Andiamo, amici!

For as long as I can remember, I've wanted a vintage Vespa scooter.

Years ago, when I was really, really poor, I'd longingly look at pictures of old Vespas and think, "if I only had the money..."  Then, when I had a big-girl salary, I started to think, "if I could only save enough money, maybe someday". Then, a few years ago, I actually started looking at them in earnest - realizing that I could probably swing the money if I didn't blow my tax return on something stupid like bills.

For about four or five summers I've trolled the Internet for restored Vespas, hoping that the right one would fall in my lap. Unfortunately, I'd done a lot of research and I found that most of the "restored" scooters online were Frankenstein monsters - cobbled-together parts from various models and years. So, I started looking for people who did restorations so I could actually control what I got.

It was quite an adventure, let me tell you.

To cut to the chase, I ended up going with a restorer in Vietnam. Vespa purists will now be screaming their heads off because, from what I've read, the Vietnamese restorations are often pretty badly done and they are generally jazzed up with a bunch of extra chrome that was not found on original Vespas. However, I liked the guy I was dealing with, he provided a number of references that turned out to be very good, and he has been nothing but professional since day one. And the icing on the cake is that the entire bill, including shipping, was $1,500 less than what I would have paid for a similar quality restoration in the U.S.

By the time I was ready to send him a down payment, I knew (pretty much) what I wanted.

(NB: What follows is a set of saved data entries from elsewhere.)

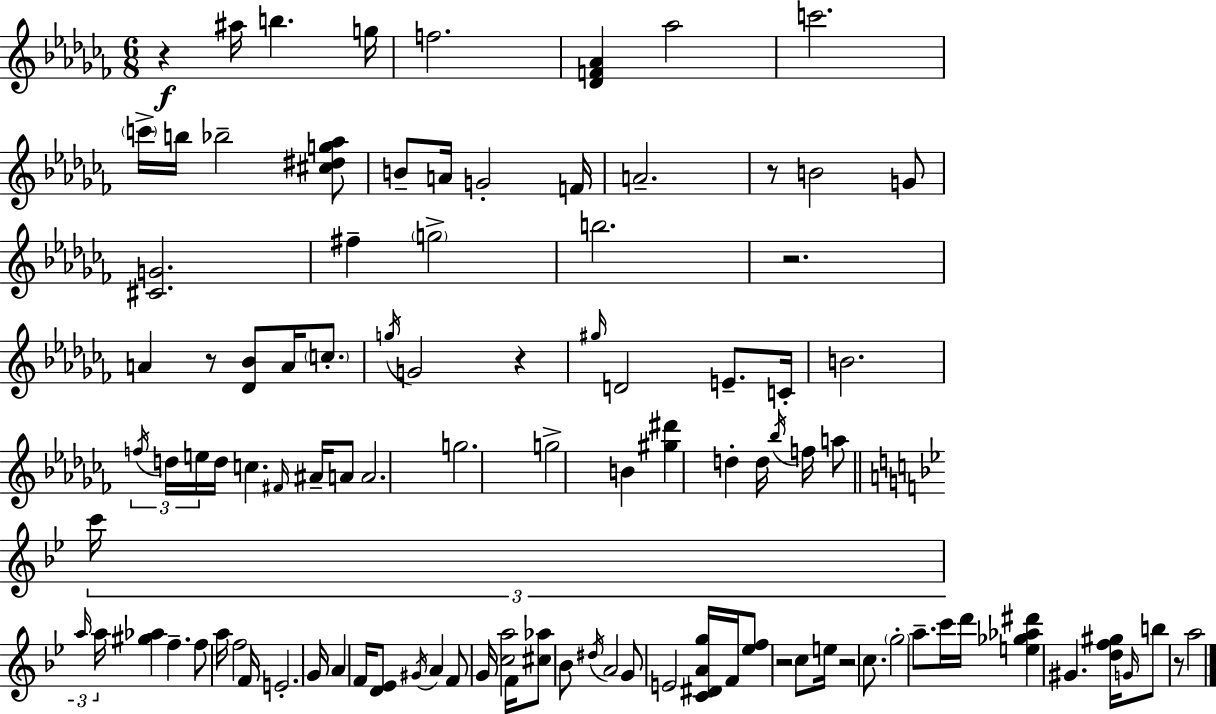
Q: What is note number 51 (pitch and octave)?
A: F5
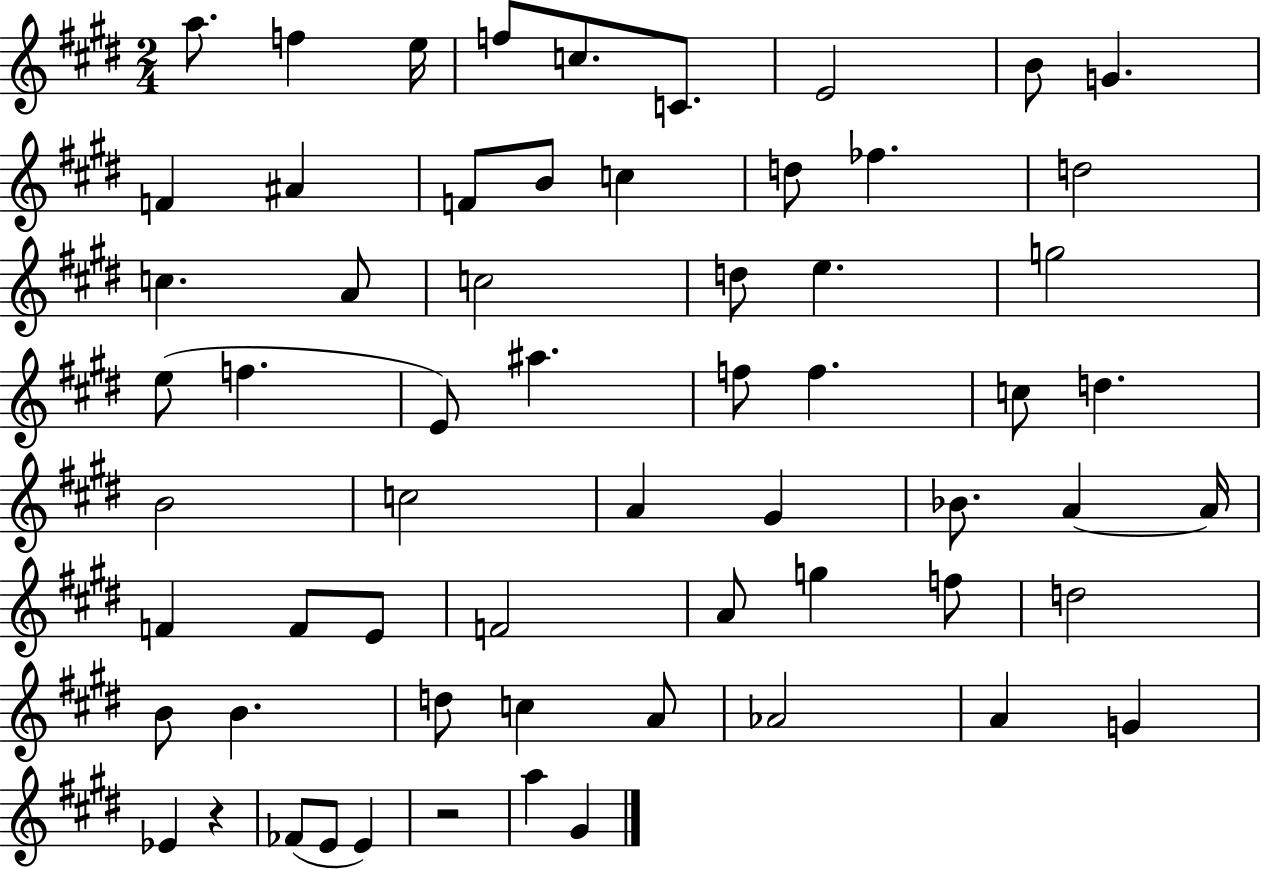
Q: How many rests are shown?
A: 2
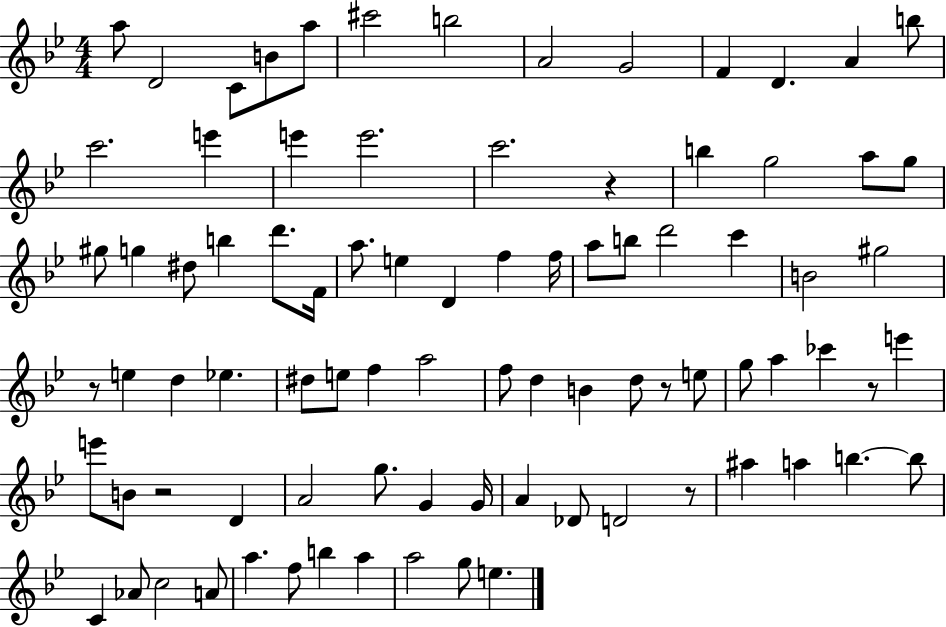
{
  \clef treble
  \numericTimeSignature
  \time 4/4
  \key bes \major
  \repeat volta 2 { a''8 d'2 c'8 b'8 a''8 | cis'''2 b''2 | a'2 g'2 | f'4 d'4. a'4 b''8 | \break c'''2. e'''4 | e'''4 e'''2. | c'''2. r4 | b''4 g''2 a''8 g''8 | \break gis''8 g''4 dis''8 b''4 d'''8. f'16 | a''8. e''4 d'4 f''4 f''16 | a''8 b''8 d'''2 c'''4 | b'2 gis''2 | \break r8 e''4 d''4 ees''4. | dis''8 e''8 f''4 a''2 | f''8 d''4 b'4 d''8 r8 e''8 | g''8 a''4 ces'''4 r8 e'''4 | \break e'''8 b'8 r2 d'4 | a'2 g''8. g'4 g'16 | a'4 des'8 d'2 r8 | ais''4 a''4 b''4.~~ b''8 | \break c'4 aes'8 c''2 a'8 | a''4. f''8 b''4 a''4 | a''2 g''8 e''4. | } \bar "|."
}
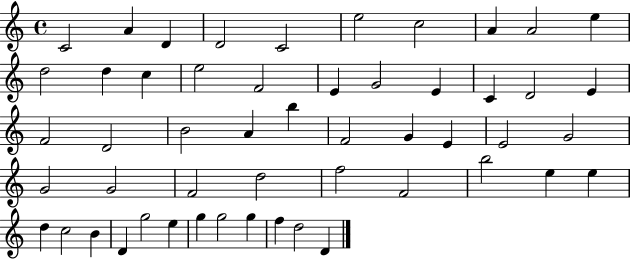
C4/h A4/q D4/q D4/h C4/h E5/h C5/h A4/q A4/h E5/q D5/h D5/q C5/q E5/h F4/h E4/q G4/h E4/q C4/q D4/h E4/q F4/h D4/h B4/h A4/q B5/q F4/h G4/q E4/q E4/h G4/h G4/h G4/h F4/h D5/h F5/h F4/h B5/h E5/q E5/q D5/q C5/h B4/q D4/q G5/h E5/q G5/q G5/h G5/q F5/q D5/h D4/q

My preference is for the older VBB models - these were built from 1958 through 1967 and have the bicycle-seat shaped seat with the pillion for a rider. I wanted the spare tire mounted in the front well as they were originally (many restorations replace the front-mounted spare with a glove box). And, I wanted a front and rear rack so I could tote stuff - like my dogs in a basket. What I didn't know was what color I wanted and, let me tell you, that ended up being the hardest decision of them all.

The issue was that I could have, quite literally, any color I could conceive of. So, as I thumbed through the Pantone color book, every other swatch appealed to me for one reason or another. I vacillated between variations of yellow, blue, green, and even orange. In the end, I settled on two colors - a beautiful light greenish-blue (Pantone 331c) or an olive and cream two-tone paint job. Cassandra offered up these words of wisdom, "You want to feel like you're on holiday every day you ride it" which sealed the deal for the green.

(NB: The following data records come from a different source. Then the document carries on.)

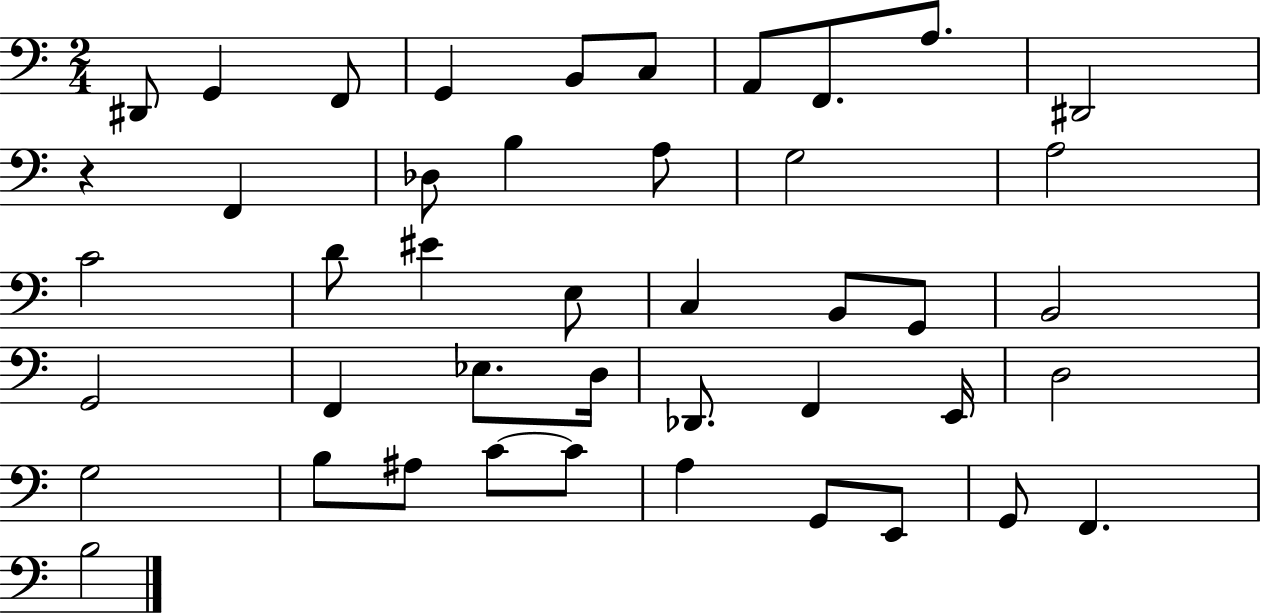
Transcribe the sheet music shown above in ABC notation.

X:1
T:Untitled
M:2/4
L:1/4
K:C
^D,,/2 G,, F,,/2 G,, B,,/2 C,/2 A,,/2 F,,/2 A,/2 ^D,,2 z F,, _D,/2 B, A,/2 G,2 A,2 C2 D/2 ^E E,/2 C, B,,/2 G,,/2 B,,2 G,,2 F,, _E,/2 D,/4 _D,,/2 F,, E,,/4 D,2 G,2 B,/2 ^A,/2 C/2 C/2 A, G,,/2 E,,/2 G,,/2 F,, B,2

 I also changed my mind about 10 times regarding the seat covers... but that's another story of frustration.

The scooter is on a freighter headed for Los Angeles now. Once it's on American soil it will be transferred to a truck that will deliver it to the Milwaukee customs office. I expect it will be delivered in about a week. And I can barely contain myself, I'm so excited.

My 1961 Vespa VBB (with floor mats for some reason...)

You know those "bucket lists" everyone talks about? Well, I get to check one off mine now. I highly recommend fulfilling a wish... It's a great feeling.